Un ferrocarril transoceánico que conecte el Océano Pacífico con el Atlántico, atravesando Perú y Brasil, es un sueño largamente esperado en Latinoamérica. Con el apoyo del capital chino, este proyecto busca reducir costos logísticos, reactivar la economía regional e integrar zonas olvidadas del interior. Además, se espera que convierta al Perú en un centro comercial clave entre Asia y Sudamérica.

Desde el megapuerto de Chancay hasta el puerto de Santos en Brasil, este ferrocarril no solo acortaría distancias, sino que simbolizaría la voluntad de modernización del país. Sin embargo, un problema más profundo amenaza el avance: el propio sistema político, cultural e institucional del Perú.

Nadie duda del potencial transformador del ferrocarril bioceánico. No es solo una obra de infraestructura, sino una estrategia nacional con peso geopolítico. Si se concreta, reduciría tiempos de envío, descongestionaría rutas marítimas, generaría empleo en los Andes y podría impulsar una nueva industrialización en el interior. En teoría, todos ganarían.
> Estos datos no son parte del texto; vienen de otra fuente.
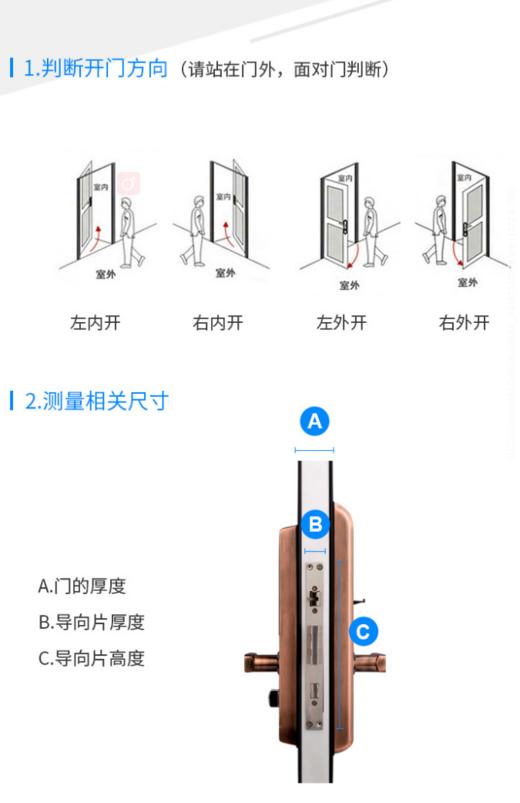 安装费用  【智房智能锁】智能门锁 商品图1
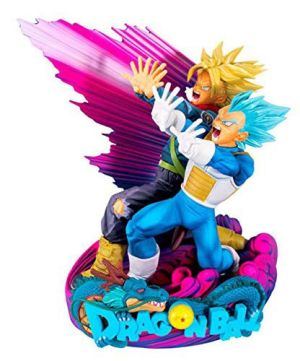 Vegeta & Trunks Super Master Star - Diorama II - The brush 2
Pero en la práctica, el proyecto fracasa no por falta de financiamiento o interés extranjero, sino porque Perú está trabajando contra sí mismo. El sistema político está diseñado para la “lucha interna” más que para la “construcción”. Un Congreso fragmentado, partidos sin visión a largo plazo y una presidencia debilitada por escándalos hacen que cualquier iniciativa quede atrapada en conflictos de poder. Las decisiones se posponen o sabotean por razones políticas, no técnicas.
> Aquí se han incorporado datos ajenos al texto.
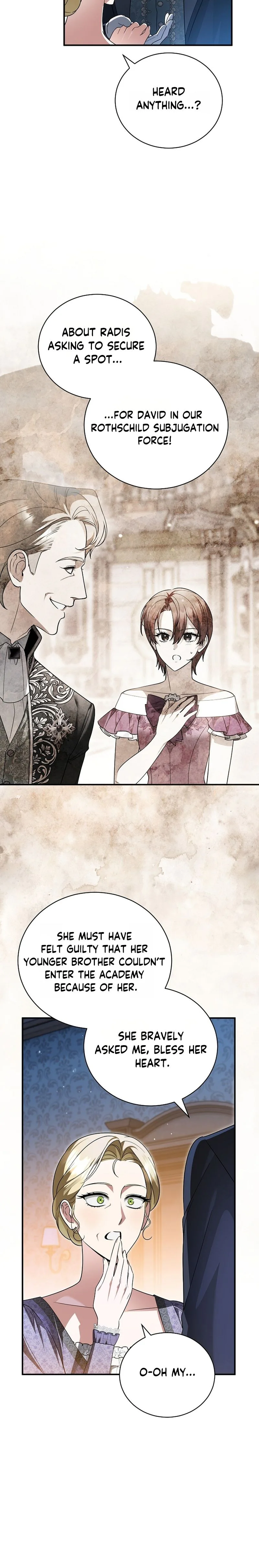 The Eldest Daughter Walks Down The Flower Path Chapter 18 Page 13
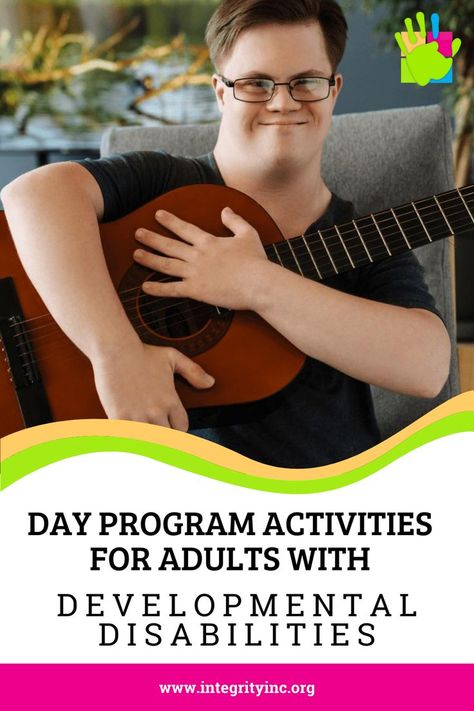 Explore a range of day program activities designed for adults with developmental disabilities in Integrity’s latest guide. Discover engaging and interactive ideas to enrich daily routines and promote active participation. Our resource helps create a fulfilling and supportive environment. #DayProgramActivities #DevelopmentalDisabilities #EngagingIdeas #AdultActivities #InclusivePrograms #LifeSkills #Integrity Day Program Activities, Developmental Disabilities Activities, Activities Adults, Disabilities Activities, Developmental Disabilities, Activities For Adults, Program Ideas, Daily Routines, Support Services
Los ferrocarriles transoceánicos, que deberían ser política de Estado, se tratan como “proyectos emblemáticos” de gobiernos específicos, generando rechazo en la oposición. Pero el tiempo no espera a los países con desarrollo lento; avanza inexorablemente.
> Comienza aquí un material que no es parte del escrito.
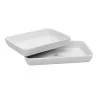Pirofila Rettangolare Impilabile 40x26x5,5 cm EURO PORZELLAN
Además, la cultura política peruana está marcada por una “desconfianza estructural”. Toda inversión se cuestiona: “¿Quién está detrás?”, “¿Quién se beneficia?”, “¿Se venden intereses nacionales?”. Esta desconfianza, con raíces históricas en la corrupción, ha pasado de duda razonable a resistencia instintiva, paralizando el progreso.

Así, la sociedad ya no exige transparencia ni buen gobierno, sino que simplemente pide que no se haga nada. Lo que debería ser un asunto técnico se convierte en un campo de batalla ideológico y geopolítico.

El problema viejo y persistente es la debilidad institucional. Los informes técnicos se archivan por años, los procesos de aprobación son lentos, los reguladores carecen de coordinación y los gobiernos locales actúan por intereses partidistas o personales. En Perú, construir una autopista puede tardar más que levantar un rascacielos en China. ¿Cómo competir globalmente con esa ineficiencia?

Un ferrocarril transoceánico puede conectar a Perú con el mundo, pero no puede arreglar sus fallas internas por sí solo. Para que este proyecto y otros similares se hagan realidad, se requieren cambios profundos: reformar el sistema político, fomentar una cultura de diálogo y construir un sistema institucional efectivo. De lo contrario, seguiremos en la estación de la “improvisación y la sospecha mutua”, soñando con el “tren del desarrollo” sin escuchar nunca su silbato de salida.